Give back the full listing verbatim, apart from its images.

Raw data:
'''
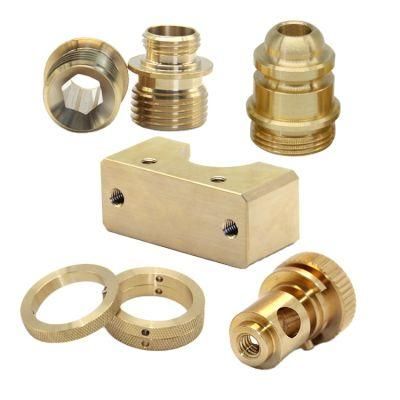 High Quality Custom Machining Accessories Steel CNC Turning Parts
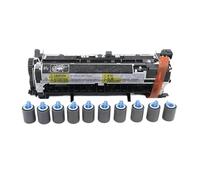 CF065A Maintenance Kit Fuser Unit Assembly Roller Fit For HP LaserJet M601 M602 M603 Printers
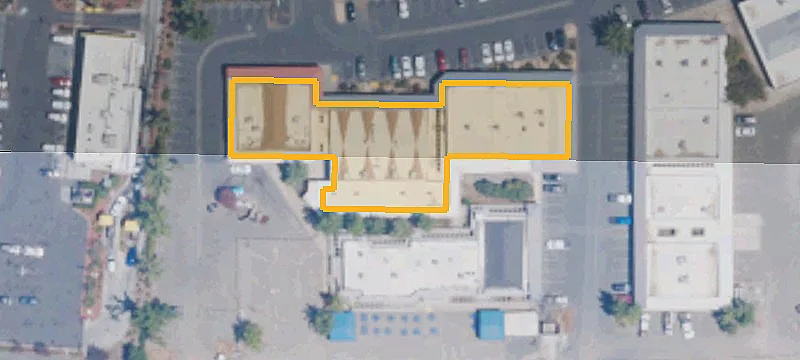 2-Bedroom Mobile Home at MHC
'''
Expected answer:
 High Quality Custom Machining Accessories Steel CNC Turning Parts
 CF065A Maintenance Kit Fuser Unit Assembly Roller Fit For HP LaserJet M601 M602 M603 Printers
 2-Bedroom Mobile Home at MHC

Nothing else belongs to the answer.